Shadow of Chinatown (1936), Robert F Hill.

 
Sonya Rokoff, a Caucasian retailer who is angry that Chinese merchants are selling more goods than she is for less money, yet who for some reason enjoys dressing in traditional Chinese clothes, cringes as Victor Poten gleefully offs another victim.  I know:  what!?
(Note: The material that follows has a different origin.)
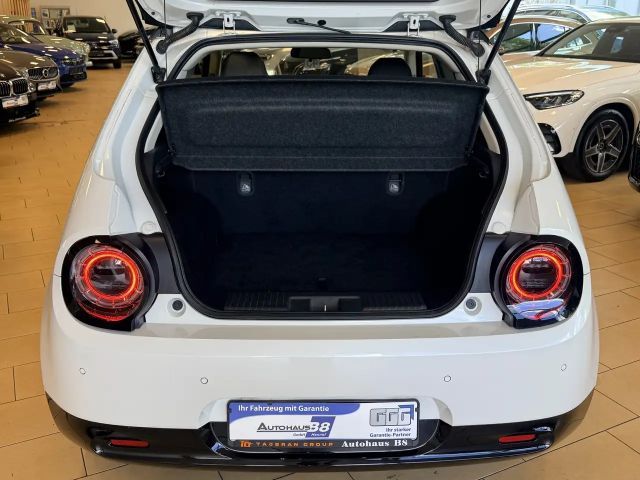 Honda e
Entrepreneur Sonya Rokoff wants to scare the tourists out of Chinatown and put its merchants out of business, hoping her stores will rake in the sales.  She teams up with Victor Poten (Bela Lugosi), a half-Caucasian, half-Asian sadist / scientist who is happy to assist.  Lugosi employs a team of Caucasians dressed as Chinese who infiltrate Chinatown and stir up trouble, and his residence is equipped with all kinds of torture mechanisms!  Goofy adventure serial with about as much basis in reality as a Super Friends episode.  Like the Lugosi series The Return of Chandu, this serial was produced by Sam Katzman and also uses exoticism as a source of thrills and mystery, but Shadow of Chinatown is not nearly as enjoyable.  Its Caucasian hero (played by hunky athlete Herman Brix/ Bruce Bennett) is a dull author renowned for his knowledge of Chinese culture (which he admits he has learned from his houseboy Willy Fu) and the Caucasian heroine is a shrill female reporter.  The "girl reporter" is an odd trope in 30s - 40s pop culture.  She's got all the worst qualities traditionally assigned to women (talkative, pushy, overly inquisitive) and funnels them into a profession, which she happily abandons when the right guy comes around.  Jeesh!  

  
Lugosi spies on a secret meeting through a proto-TV of his own devising.